1. Summary: High inflation and negative real interest 
rates continue to wreak havoc on the pensions and savings 
of many Zimbabweans.  The Zimdollar is in freefall, now 
trading at Z$5,000:US$ 1.  While select high-end 
investors have profited from Zimbabwe's collapsing 
currency and runaway inflation, most people are only 
beginning to realize how much they have lost.  End 
Summary. 
 
"A penny borrowed is a penny earned" 
------------------------------------ 
2. Negative 300 percent real interest rates have fostered 
a Bizarroworld of finances, flipping conventional wisdom 
on its head.

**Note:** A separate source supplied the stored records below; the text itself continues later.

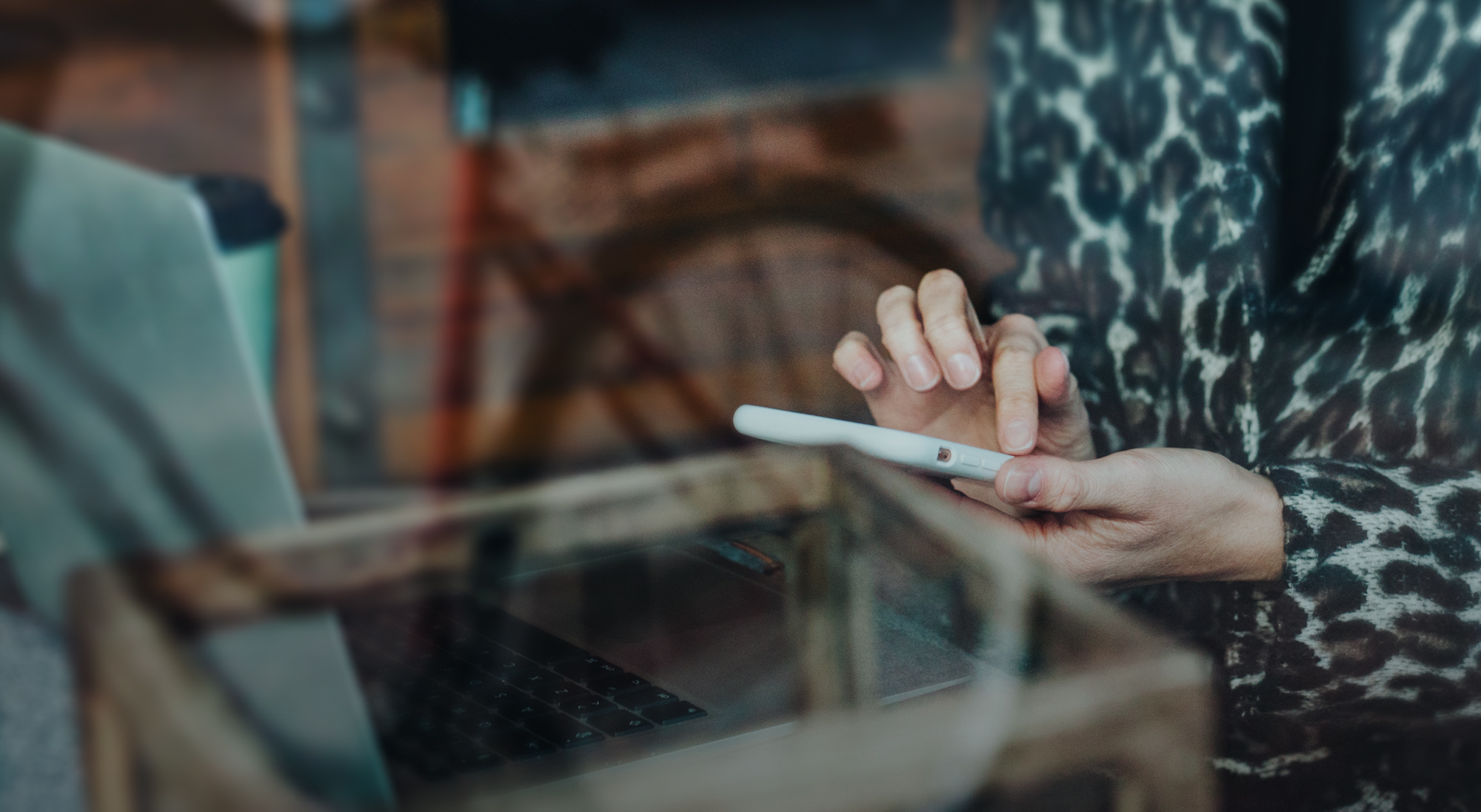 Kvinna på cafe räknar på vad inbound marketing kostar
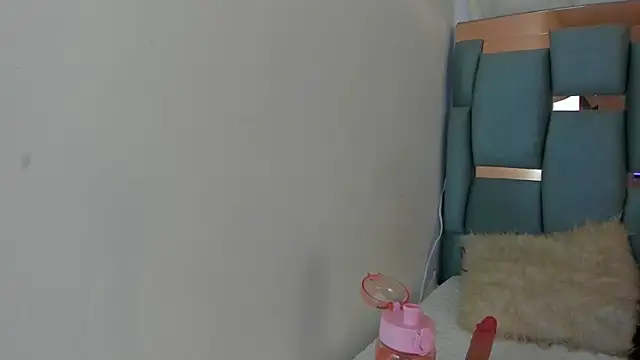 honeyy mia online show from February 2026 03:44:02 AM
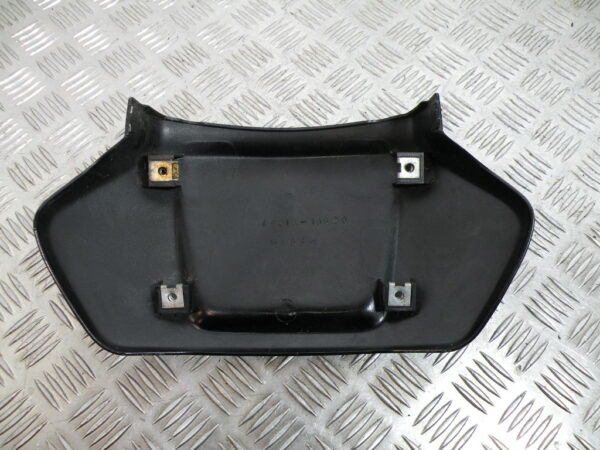 Cache carénage coque arrière SUZUKI BURGMAN 650 4t -2006-
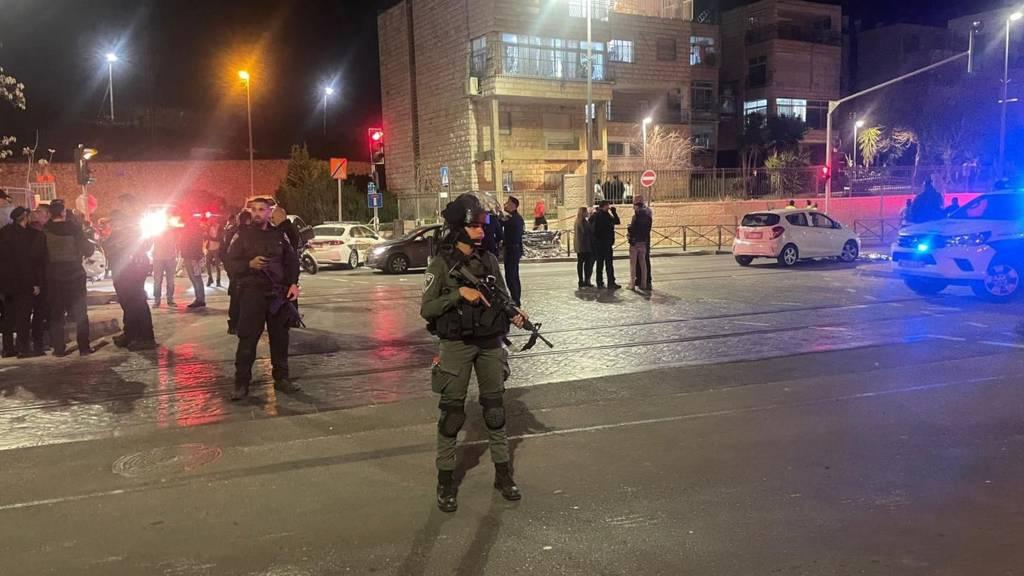 Jerusalem: Seven shot dead in synagogue attack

Debt is good, savings foolhardy.  Consider 
the following: 
 
- A high-interest savings account over the past 12 months 
would have returned 50 percent, turning Z$ 1 million into 
Z$ 1.5 million.  Viewed nominally, not bad.  Yet in real 
U.S. dollars terms, that initial Z$ 1 million was worth 
US$ 1,449 on August 5, 2002 and the final Z$ 1.5 million 
worth only US$ 300 on August 5, 2003.  The one-year 
investment lost a whopping 79 percent. 
 
- This explains what has happened to Zimbabwean 
pensioners several times over since 1999.  The GOZ 
requires public pension funds to invest most of their 
assets in Treasury bonds, lending to Government at 
negative rates.  Pensioners tell stories of monthly 
checks that once paid rent and now not even buy a six- 
pack of coke. 
 
- Inflation continues to outpace salaries.  In real 
terms, workers earn less than one-quarter what they did 
in 1995.  A factory owner told us the same worker he paid 
US$ 80/month in 1995 now earns the equivalent of US$ 10. 
 
- Workingmen must also fight tax bracket creep.  20 
percent personal income taxes begin to kick at the 
Z$15,000 (US$ 3) monthly salary threshold.   A factory 
worker who earns Z$ 48,000 (US$ 10)/month lands in the 
"high-income" 35 percent bracket. 
 
Comment 
------- 
3. Although still partly deluded by large nominal 
increases in salaries, Zimbabweans are beginning to 
appreciate that buying power is slipping through their 
fingers.  In a sense, we are witnessing a large 
redistribution of wealth - from net creditors to net 
debtors, from savings accounts to government spending. 
This has annihilated Zimbabwe's enviable savings rate 
(from 9 percent of GDP in 1999 to -3 percent today).   At 
the same time, we see the emergence of entrepreneurial 
Zimbabweans, especially in several indigenous banks, who 
understand how to profit from high inflation, that the 
rules of the game are changing fast.